Aunque ahora yo fuera al menos tan experto como su madre en lenguaje Momo, no lo comprendí. Miré a la Menou, tampoco lo comprendía. En lenguaje Momo, "me duele" se decía "muele" y por otra parte su júbilo excluía toda idea de caída o lastimadura.

– Bobo? -dijo por fin la Menou levantándose-. ¿Qué quiere decir eso? ¿Bobo?

– Bobo, oneieu! -gritó Momo dando saltitos, furioso, como indignado de que no entendieran mejor sus palabras.

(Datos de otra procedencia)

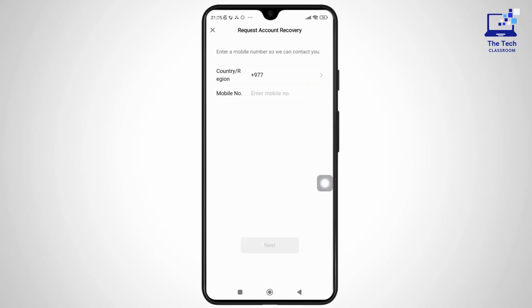And after that, you just have to wait for some time. And once WeChat verifies your request, they will send you a verification code to your registered phone number. And when you receive it, just enter the code into the app and then follow the steps to set a new password.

– Vamos, Momo -dije yo levantándome a mi vez y avanzando hacia él- ¡explícate! ¿Qué quiere decir, bobo?

– ¡Bobo! -vociferó Momo, como si el volumen de sonido pudiera ayudar a nuestra comprensión. Mitad por excitación, mitad por despecho de no hacerse entender, pegaba unos grititos roncos, pataleaba, con lágrimas en los ojos y baba en los labios. Nos miramos. Aun teniendo en cuenta su acostumbrada excitabilidad, estábamos un poco asombrados de su frenesí.

– ¡Bobo! -vociferó otra vez. Y levantando de golpe sus brazos horizontalmente, los agitó de arriba abajo como si volara.

– ¿Cuervo? -dije por si acaso.

– Oué! Oué! -dijo Momo, y con el rostro iluminado de gratitud, gritó: Chenlil Emamouel! Chenlil Emamouel! (¡Gentil Emanuel!), y con toda seguridad me hubiera abrazado si no lo hubiera mantenido a distancia con todo el largo de mi brazo.

– ¿Vamos, Momo, estás seguro? ¿Hay un cuervo en Malevil?